According to the 2013 Commission for Filipinos Overseas Compendium of Statistics, there are around 1.34 million undocumented Filipino migrant workers – a number the government wishes to shrink.
On average, Soriano said, an OFW will be able to secure overseas employment 2 months faster through the illegal process than through the proper channels.
A former OFW himself, Soriano is the president of LBS E-Recruitment Solutions Corporation and has first-hand knowledge of the recruitment process.
Among his advocacies is putting an end to "circular migration" or what the European Union calls "temporary labor migration at periodic intervals." (READ: Ex-OFW, now business owner, tells OFWs: Plan your return)
Dangers of undocumented migration
Illegal recruiters' deceptive practices are meant to prey on the need and desires of a migrant worker. (READ: 30 OFWs in Dubai duped with offers of better jobs – DOLE)
"The [illegal] system is that majority has no expense, very small expenses. Fly-now-pay-later schemes, especially for household [service workers]," Soriano explained.
But Soriano stressed that the long-term costs of undocumented migration far outweighs its short-term benefits.
"If they (undocumented migrants) encounter maltreatment, abuse, they have no recourse or access to who should take good care of them, except calling the attention of media or calling the attention of any Filipino community organization there that they know or going to the embassy," he said.

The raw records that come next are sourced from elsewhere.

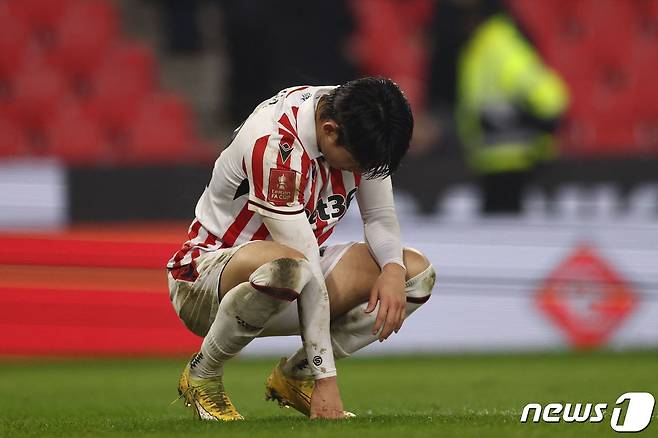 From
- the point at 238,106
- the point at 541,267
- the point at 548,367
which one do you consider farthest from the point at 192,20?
the point at 548,367

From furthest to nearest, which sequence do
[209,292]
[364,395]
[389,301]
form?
[364,395]
[209,292]
[389,301]

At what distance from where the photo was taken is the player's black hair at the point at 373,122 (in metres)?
3.58

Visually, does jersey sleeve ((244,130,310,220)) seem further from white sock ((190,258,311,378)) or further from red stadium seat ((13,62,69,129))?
red stadium seat ((13,62,69,129))

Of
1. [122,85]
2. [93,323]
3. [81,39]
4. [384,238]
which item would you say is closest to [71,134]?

Even then, he said it would be a struggle.
Under the legal process, a worker's employer, address, position, amount of salary, family members left at home, agency that recruited him, and other relevant information on his or her overseas employment are detailed in the POEA database.
The embassy in the country where he migrated to for work and the licensed recruitment agency he applied with for the job also have these details.
"The copy of the employment contract is deposited in POEA and also should be available for at least 7 years in the data vault of the agency," explained Soriano.
With these information readily available, Soriano said, it would be easier to exact accountability from non-compliant recruiters and even employers who break the terms of the job contract including the agreed salary.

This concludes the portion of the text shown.